The Trevor Project’s 2023 U.S. National Survey on the Mental Health of LGBTQ Young People shows that 41% of 28,000 respondents seriously considered attempting suicide in the past year. Approximately half of trans and nonbinary youth found their school to be affirming of their gender, and those who did experienced lower rates of attempting suicide. 

“But according to the Centers for Disease Control and Prevention, when fully inclusive athletic policies are in place, transgender students are 14% less likely to consider suicide,” Masterman added. “This policy would literally endanger the lives of transgender youth.”

Masterman went on to state that no evidence exists that trans female athletes have an advantage over cisgender female athletes. Trans athletes have been eligible to compete in Olympic games for almost two decades.

“When transgender females are afforded the proper medical care as put forth by the American Pediatric Association prior to puberty, there often is no physical difference between them and cisgender females,” Masterman said. “Up until puberty, there is very little difference physically between cisgender males and cisgender females.
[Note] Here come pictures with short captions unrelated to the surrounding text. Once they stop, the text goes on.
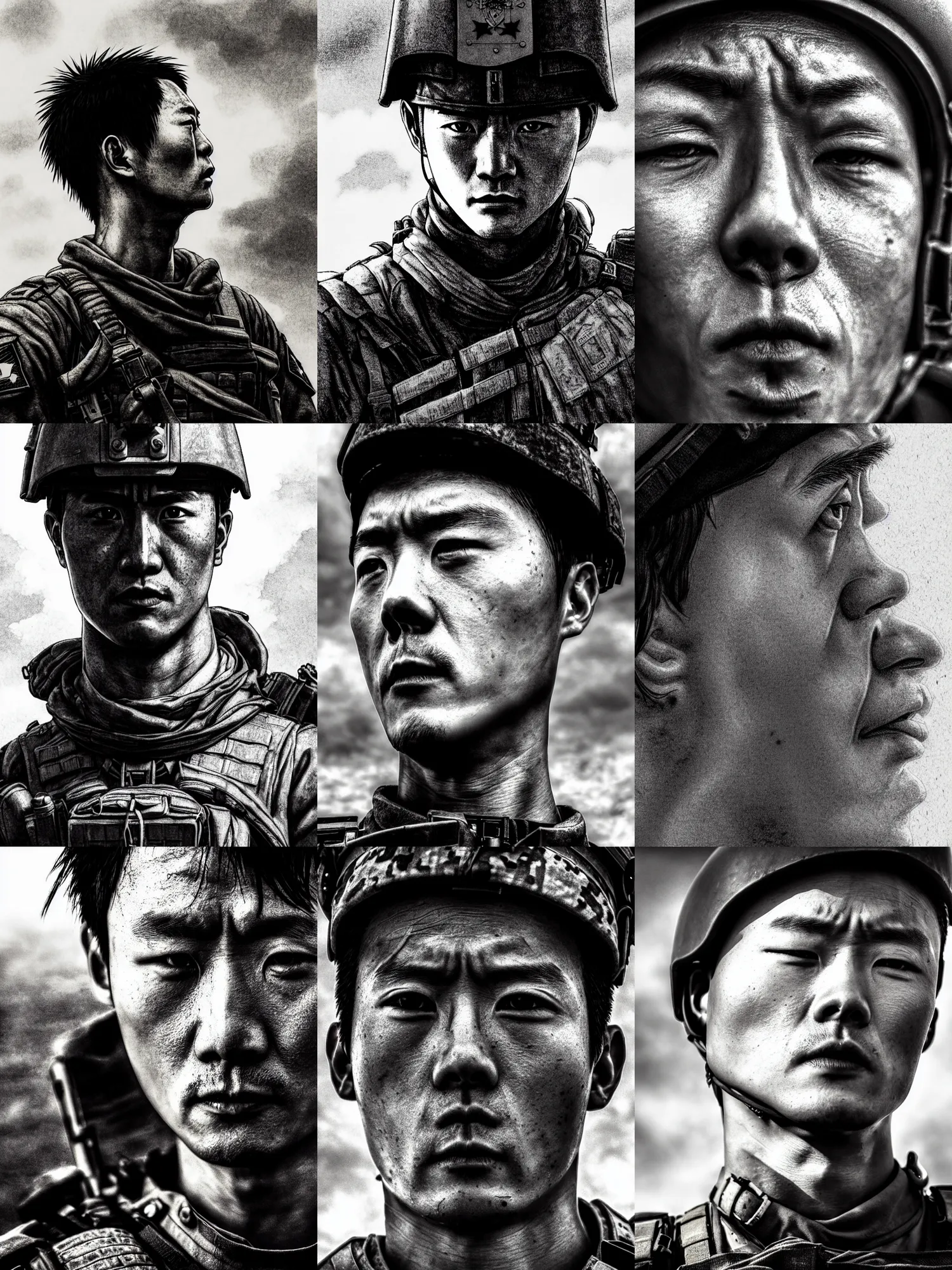 Prompt: close up picture of a soldier looking at the sky, daniel wu, sad, rugged, black and white, highly detailed, symmetry face, chiaroscuro, manga illustration, artgerm, greg rutkowski, takehiko inoue, shinji aramaki, satoshi kon, kentaro miura, light novel cover art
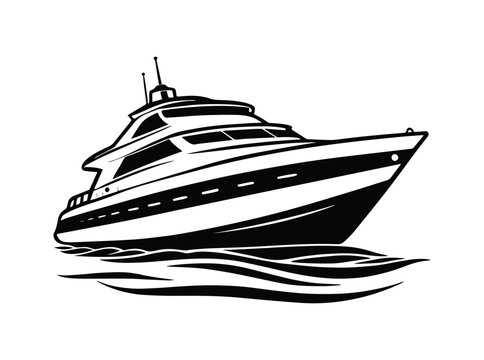 black and white yacht on water clip art preview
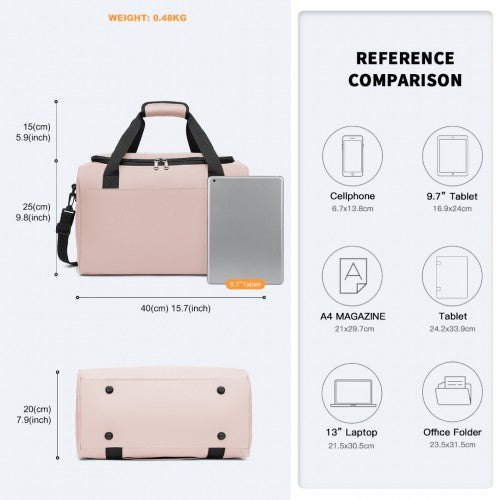 Kono Structured Travel Duffle Bag - Pink
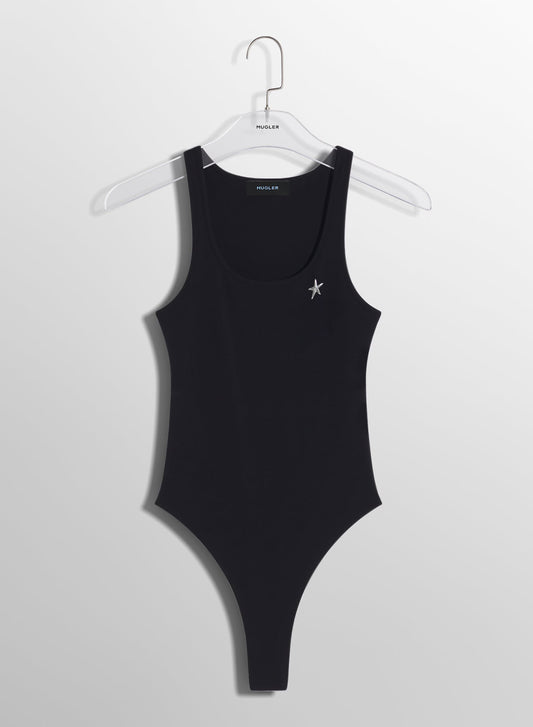 black Mugler star bodysuit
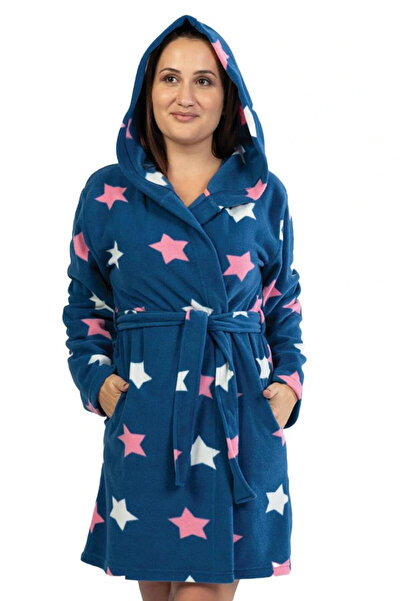 VİENETTA Kadın Büyük Beden Polar Kapüşonlu Kısa İndigo Sabahlık C9T7N1O301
Creating policies that require birth certificates cause real harm to transgender youth who are not obvious to the general public and are not out but living very normal, successfully adjusted lives.”

In the School District of Philadelphia, two policies dictate that trans and nonbinary students are allowed to play on sports teams that align with their gender. The district’s policy 252 is dedicated to the protection of transgender and gender nonconforming students, policy 123 addresses trans and nonbinary students and participation in sports. 

“​​Our policy is and will remain that our student athletes may participate on the team of the gender they identify with,” said Monique Braxton, deputy chief of communications for the School District of Philadelphia. 

Twenty-two U.S. states have laws barring trans students from playing on school sports teams that fit with their gender identity, according to the Movement Advancement Project. Temporary injunctions are halting enforcement of the bans in Arizona, Idaho, West Virginia and Utah. 

“The issue of trans students playing school sports has been made out to be about elite competition, as though everyone’s going to get a gold medal at the Olympics,” said Rodrigo Heng-Lehtinen, executive director of the National Center for Transgender Equality. “The overwhelming majority of kids are just trying to play volleyball with their friends; they’re just trying to get healthy and play on a team like anyone else.”

Many school districts, including the School District of Philadelphia, have successfully put forth policies that allow trans students to play on sports teams that match up with their gender identity, Heng-Lehtinen pointed out. He cited the Women’s Sports Foundation as a major athletic entity that supports trans women and girls playing on the sports teams that fit with their gender identity. 

“A lot of these leading institutions whose whole job it is to preserve a level playing field have looked into this and concluded that it’s perfectly safe and fair for trans women and girls to be part of these women and girls teams,” Heng-Lehtinen said. 

“You do see that there is an issue when you try to pass these bans on them participating because it sends the message that there’s something wrong with being trans. [These bills] essentially openly question the validity of a trans kid’s experience and freedom and dignity. It really does have these devastating mental health effects that hurt these kids, even when the kid isn’t interested in sports. If the kid is trans, they still feel like they have a target on their back because they know that this is more about anti-trans animus than it is about sports.”